Gets the most common distance between all matches in 1 frame, Which corresponds to the distance between 2 tapes.

Parameters

  • points (list of tuple of float) – list of all matches in a frame

  • scale_array (list of float) – list of float numbers of scales from previous frames, so an average can be calculated

Returns

scale – the distance between 2 tapes in px.

Return type

float

mT_Hist.clean_scales(daily_disp, conversion_factors, boxlength)

This function makes the calculated conversion factors smoother by applying a convolution function (floating average). This way, outliers (errors) are removed. From the smoothened conversion factors and displacement rates, a new cumulative displacement array is calculated.

Parameters

  • daily_disp (list of tuple of float) – list of displacement rates between frames. The first value is the displacement in px, the second value is the relative index to wich image the current one was compared with (this is needed for calculation of cumulative displacements) Example: if the displacements of the current frame was calculated by comparing the current frame with the previous one, the index is 1. If the previous frame did not contain any matches and the displacement was calculated by comparing the current frame with one frame earlier than the previous the index is 2.

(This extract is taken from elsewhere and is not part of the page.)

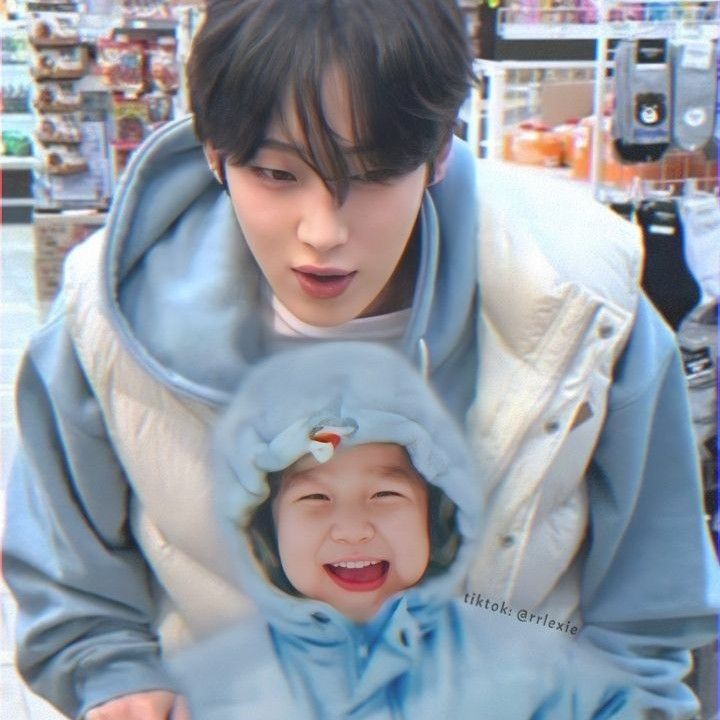 선우 (ENHYPEN)의 비하인드 컷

  • conversion_factors (list of float) – list of calculated distances between two tapes from every frame. Same length as daily_disp

  • boxlength – amount of values that should influence the floating average. Must be smaller than half of the length of conversion_factors.

Returns

  • clean_displacements (list of float) – list of cumulative displacements between frames in cm with smoothened conversion factor

  • scale_smooth (list of float) – smoothened conversion factors after convolution

mT_Hist.px_to_cm(px, ref_cm, ref_px)

Converts a number from px to cm according to a defined scale.

Parameters

  • px (float) – distance in px that is to be converted.

  • ref_cm (float) – reference distance in cm (e.g. distance between 2 tape stripes).

  • ref_px (float) – reference distance in px (same reference as ref_cm)

Returns

distance – converted distance in cm.

Return type

float

Other functions

mT_Hist.load_images_from_folder(folder)

function loading all image files inside a specified folder. File names must contain date and time with delimiters - or _

Parameters

folder (string) – path of the folder (string). can be a relative or absolute path.

Returns

  • images (list) – list of opencv images

  • times (list of float) – list of time differences to the first image in hours. e.g. [0, 0.5, 1.0, …]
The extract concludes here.